Thankfully, Severin's US region-free Blu-ray/DVD combo pretty much gets it right, with a very decent transfer that hasn't been subjected to noticeable DNR or over-zealous restoration. While the original look of the film means that the images don't pop out or as sharp as more recent films it's still a very good representation of how the film originally looked, with only a few of the night shots veering a bit towards the flat side. It also has an impressive selection of extras old and new: no radio interviews or stills gallery but it does offer the audio commentary, the documentaries on Lloyd and the making of the film, newsreel, trailer and two new interviews with director McLaglen and real-life mercenary Mad Mike Hoare, who was both inspiration for and technical advisor on the film. Definitely the pick of the litter so far.
on 24 April 2012
Along with "Where Eagles Dare" this has to be my favourite war film. They each boast a brilliant cast headed by Richard Burton, and lots of thrilling action and suspense, but "The Wild Geese" is edgier and more realistic.
A group of mercenaries, bankrolled by a shady newspaper tycoon hatch a plan to spring an enlightened African leader from his despotic captors, but it all goes horribly wrong and they find themselves trapped in enemy country, surrounded by a literally bloodthirsty army. As they try to escape, the net closes around them and the tension builds and builds.

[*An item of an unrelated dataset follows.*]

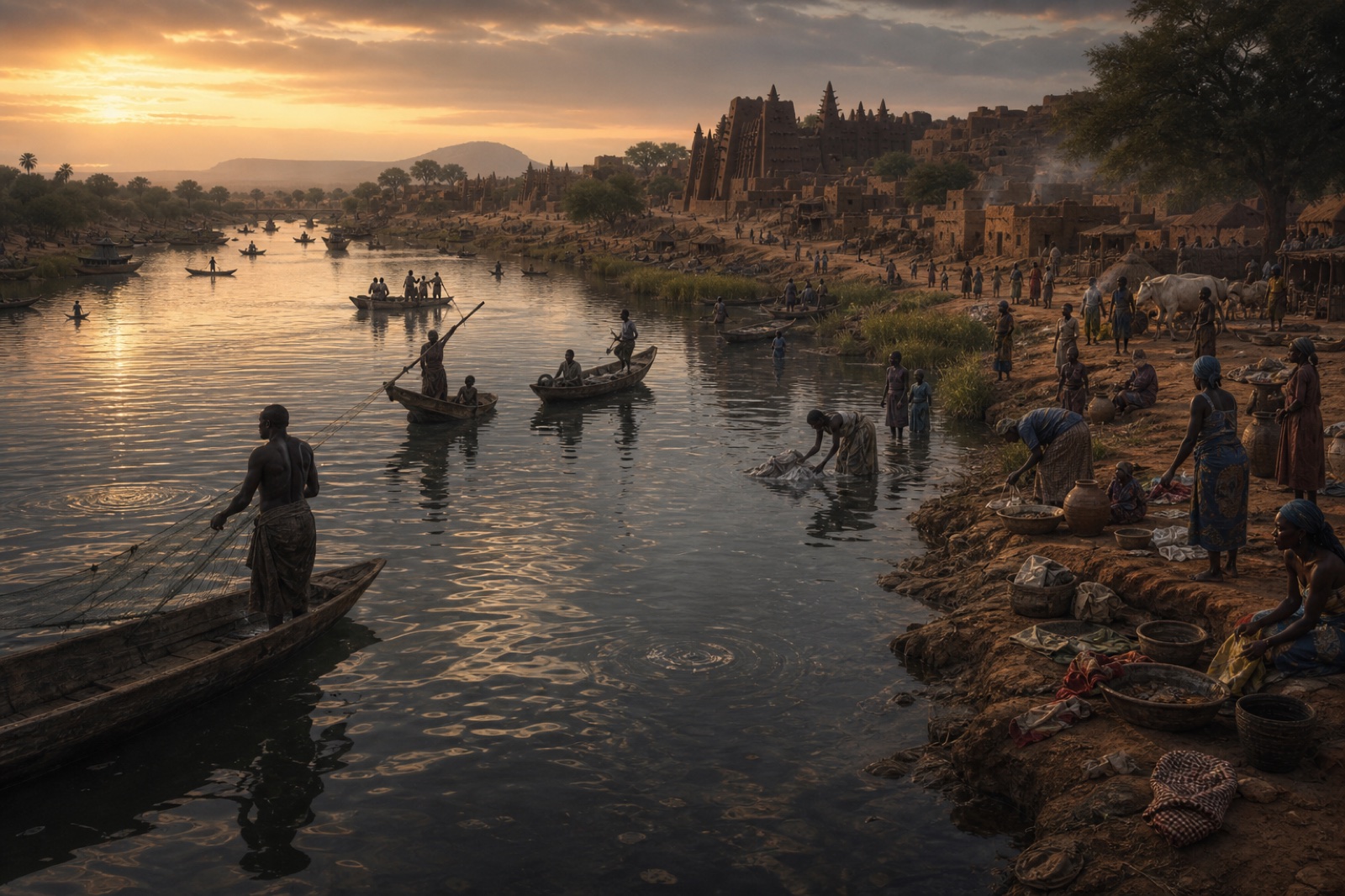 Daily life unfolding along the Niger River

Although these dogs of war are basically amoral killers, it's hard not to share their outrage at being double-crossed, fear for their lives when being left stranded, or root for Janders (Richard Harris) as he tries to reach the getaway plane. The battle scene at a remote air strip is a masterpiece of tense, edge of the seat action and the final scene where Faulkner (Burton) comes face to face with his betrayer positively crackles with tension.
How refreshing it is to see Burton, Harris, and Roger Moore subdue their own egos for the greater good of the film - often, when big names get together the end result is a load of witless drivel. It's also nice to see a film that creates a genuine sense of fear and tension; in this age of the mobile phone that rarely happens anymore.
on 14 January 2005
having seen the film many times and been a "security" type for many years, I feel my comments are justified, especialy if I was to make a content entry!! However, take a film with so many legendry British stars, whether they be "A" or "B" type stars and put them in to a ground breaking storyline, and you are in for a real treat. Burton and Harris are brilliant and believable, as is Jack Watson's RSM. Moore is still too suave but Krugger's South African's banter with Limbani, is still a high point. I don't think you will ever witness a film with so much British talent, at thier acting best, ever again. It is a must watch and must have film with out a shadow of a doubt!!